■ PROVIDED RECORDS:
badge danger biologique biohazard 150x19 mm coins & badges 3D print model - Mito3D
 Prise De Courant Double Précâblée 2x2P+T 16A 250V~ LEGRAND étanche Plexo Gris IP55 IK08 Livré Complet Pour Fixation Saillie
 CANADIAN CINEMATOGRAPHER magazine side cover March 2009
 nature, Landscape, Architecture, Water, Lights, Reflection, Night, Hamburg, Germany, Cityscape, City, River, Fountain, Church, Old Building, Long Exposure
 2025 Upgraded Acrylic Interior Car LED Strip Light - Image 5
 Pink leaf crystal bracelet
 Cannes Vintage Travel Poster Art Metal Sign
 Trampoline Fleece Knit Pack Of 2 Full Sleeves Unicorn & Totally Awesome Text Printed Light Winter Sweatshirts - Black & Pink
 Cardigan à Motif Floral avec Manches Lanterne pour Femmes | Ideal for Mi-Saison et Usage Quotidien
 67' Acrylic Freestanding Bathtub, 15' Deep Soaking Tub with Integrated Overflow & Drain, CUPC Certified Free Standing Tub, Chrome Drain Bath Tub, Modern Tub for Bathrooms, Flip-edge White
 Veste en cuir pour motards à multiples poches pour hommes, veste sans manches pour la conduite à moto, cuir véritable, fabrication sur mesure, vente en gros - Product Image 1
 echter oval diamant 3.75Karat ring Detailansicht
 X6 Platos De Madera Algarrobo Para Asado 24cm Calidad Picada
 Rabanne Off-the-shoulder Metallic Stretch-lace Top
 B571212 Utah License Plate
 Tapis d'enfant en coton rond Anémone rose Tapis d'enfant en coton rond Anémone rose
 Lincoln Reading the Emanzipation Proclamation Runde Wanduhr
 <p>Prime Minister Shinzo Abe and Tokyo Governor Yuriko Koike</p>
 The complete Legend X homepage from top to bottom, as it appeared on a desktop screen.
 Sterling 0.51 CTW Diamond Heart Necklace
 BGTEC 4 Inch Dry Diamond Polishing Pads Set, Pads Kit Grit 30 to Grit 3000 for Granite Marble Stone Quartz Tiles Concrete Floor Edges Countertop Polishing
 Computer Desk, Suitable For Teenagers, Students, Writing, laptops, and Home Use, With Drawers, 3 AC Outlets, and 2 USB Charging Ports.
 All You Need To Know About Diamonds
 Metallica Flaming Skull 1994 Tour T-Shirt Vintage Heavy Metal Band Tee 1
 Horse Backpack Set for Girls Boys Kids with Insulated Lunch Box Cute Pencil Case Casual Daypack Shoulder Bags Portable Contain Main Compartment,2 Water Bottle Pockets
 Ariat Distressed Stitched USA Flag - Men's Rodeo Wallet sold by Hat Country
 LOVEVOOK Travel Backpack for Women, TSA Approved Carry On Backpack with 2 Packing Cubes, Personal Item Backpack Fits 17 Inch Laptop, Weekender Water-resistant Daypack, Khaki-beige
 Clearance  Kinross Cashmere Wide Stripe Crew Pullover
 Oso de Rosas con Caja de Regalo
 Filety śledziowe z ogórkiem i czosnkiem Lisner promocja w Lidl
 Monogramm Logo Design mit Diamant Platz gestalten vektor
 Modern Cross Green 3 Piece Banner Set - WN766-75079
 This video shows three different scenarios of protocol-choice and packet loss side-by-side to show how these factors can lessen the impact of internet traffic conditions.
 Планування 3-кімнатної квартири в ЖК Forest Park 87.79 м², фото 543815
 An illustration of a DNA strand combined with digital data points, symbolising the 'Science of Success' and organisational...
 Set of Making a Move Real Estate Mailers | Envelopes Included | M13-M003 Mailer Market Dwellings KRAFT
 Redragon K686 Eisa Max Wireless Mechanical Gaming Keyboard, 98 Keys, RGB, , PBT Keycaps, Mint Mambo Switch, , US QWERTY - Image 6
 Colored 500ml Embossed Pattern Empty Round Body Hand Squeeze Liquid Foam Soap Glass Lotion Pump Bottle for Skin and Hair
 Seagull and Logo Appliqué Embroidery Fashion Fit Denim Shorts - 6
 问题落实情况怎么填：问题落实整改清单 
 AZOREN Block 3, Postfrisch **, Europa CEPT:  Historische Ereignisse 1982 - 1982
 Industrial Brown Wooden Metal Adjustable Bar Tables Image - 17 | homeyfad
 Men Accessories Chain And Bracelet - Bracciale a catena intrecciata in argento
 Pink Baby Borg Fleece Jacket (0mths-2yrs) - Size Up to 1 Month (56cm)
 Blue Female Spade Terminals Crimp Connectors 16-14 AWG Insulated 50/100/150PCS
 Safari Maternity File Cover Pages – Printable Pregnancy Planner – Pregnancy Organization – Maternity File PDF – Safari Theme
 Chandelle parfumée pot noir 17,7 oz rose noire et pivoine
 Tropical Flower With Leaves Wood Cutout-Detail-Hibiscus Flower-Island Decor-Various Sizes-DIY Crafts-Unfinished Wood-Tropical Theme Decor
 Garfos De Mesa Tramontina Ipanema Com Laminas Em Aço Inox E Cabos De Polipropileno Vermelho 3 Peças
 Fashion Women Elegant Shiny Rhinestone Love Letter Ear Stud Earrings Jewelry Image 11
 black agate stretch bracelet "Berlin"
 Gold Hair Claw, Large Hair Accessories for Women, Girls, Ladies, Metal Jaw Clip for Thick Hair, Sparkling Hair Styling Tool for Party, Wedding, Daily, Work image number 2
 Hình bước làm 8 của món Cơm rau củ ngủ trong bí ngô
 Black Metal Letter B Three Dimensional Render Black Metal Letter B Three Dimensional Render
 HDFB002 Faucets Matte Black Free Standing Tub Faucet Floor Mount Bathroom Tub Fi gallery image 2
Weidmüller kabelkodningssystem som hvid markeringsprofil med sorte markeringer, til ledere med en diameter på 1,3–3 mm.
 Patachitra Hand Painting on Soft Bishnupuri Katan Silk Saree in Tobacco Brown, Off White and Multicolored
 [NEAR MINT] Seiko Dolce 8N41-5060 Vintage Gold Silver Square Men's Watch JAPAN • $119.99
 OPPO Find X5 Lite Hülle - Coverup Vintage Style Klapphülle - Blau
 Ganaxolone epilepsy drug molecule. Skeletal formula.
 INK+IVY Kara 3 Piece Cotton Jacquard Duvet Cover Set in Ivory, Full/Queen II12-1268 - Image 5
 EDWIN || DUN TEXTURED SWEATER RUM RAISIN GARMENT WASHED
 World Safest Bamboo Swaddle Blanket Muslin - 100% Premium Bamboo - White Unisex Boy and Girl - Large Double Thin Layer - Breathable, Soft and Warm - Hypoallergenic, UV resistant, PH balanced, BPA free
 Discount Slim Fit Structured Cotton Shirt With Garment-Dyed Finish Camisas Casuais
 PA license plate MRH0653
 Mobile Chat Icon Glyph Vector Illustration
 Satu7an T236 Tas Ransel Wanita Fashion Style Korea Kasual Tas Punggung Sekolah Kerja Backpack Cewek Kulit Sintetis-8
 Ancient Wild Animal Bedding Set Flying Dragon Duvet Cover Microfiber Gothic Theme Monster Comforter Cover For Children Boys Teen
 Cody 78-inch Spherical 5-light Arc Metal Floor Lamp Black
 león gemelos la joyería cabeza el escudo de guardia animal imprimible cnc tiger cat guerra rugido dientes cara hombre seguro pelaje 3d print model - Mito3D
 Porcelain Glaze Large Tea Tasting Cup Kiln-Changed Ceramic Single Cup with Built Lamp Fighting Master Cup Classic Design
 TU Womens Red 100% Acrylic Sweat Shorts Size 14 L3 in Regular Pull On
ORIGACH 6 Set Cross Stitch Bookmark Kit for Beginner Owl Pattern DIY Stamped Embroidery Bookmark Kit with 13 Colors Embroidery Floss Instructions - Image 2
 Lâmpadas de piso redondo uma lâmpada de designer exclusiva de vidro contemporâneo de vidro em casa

■ PROBLEM STATEMENT:
Retype the records above, but only those lines that fall between the line containing "Horse Backpack Set" and the line containing "AZOREN Block 3, Postfrisch", with both of those lines included, exactly as written.

■ TASK OUTPUT:
 Horse Backpack Set for Girls Boys Kids with Insulated Lunch Box Cute Pencil Case Casual Daypack Shoulder Bags Portable Contain Main Compartment,2 Water Bottle Pockets
 Ariat Distressed Stitched USA Flag - Men's Rodeo Wallet sold by Hat Country
 LOVEVOOK Travel Backpack for Women, TSA Approved Carry On Backpack with 2 Packing Cubes, Personal Item Backpack Fits 17 Inch Laptop, Weekender Water-resistant Daypack, Khaki-beige
 Clearance  Kinross Cashmere Wide Stripe Crew Pullover
 Oso de Rosas con Caja de Regalo
 Filety śledziowe z ogórkiem i czosnkiem Lisner promocja w Lidl
 Monogramm Logo Design mit Diamant Platz gestalten vektor
 Modern Cross Green 3 Piece Banner Set - WN766-75079
 This video shows three different scenarios of protocol-choice and packet loss side-by-side to show how these factors can lessen the impact of internet traffic conditions.
 Планування 3-кімнатної квартири в ЖК Forest Park 87.79 м², фото 543815
 An illustration of a DNA strand combined with digital data points, symbolising the 'Science of Success' and organisational...
 Set of Making a Move Real Estate Mailers | Envelopes Included | M13-M003 Mailer Market Dwellings KRAFT
 Redragon K686 Eisa Max Wireless Mechanical Gaming Keyboard, 98 Keys, RGB, , PBT Keycaps, Mint Mambo Switch, , US QWERTY - Image 6
 Colored 500ml Embossed Pattern Empty Round Body Hand Squeeze Liquid Foam Soap Glass Lotion Pump Bottle for Skin and Hair
 Seagull and Logo Appliqué Embroidery Fashion Fit Denim Shorts - 6
 问题落实情况怎么填：问题落实整改清单 
 AZOREN Block 3, Postfrisch **, Europa CEPT:  Historische Ereignisse 1982 - 1982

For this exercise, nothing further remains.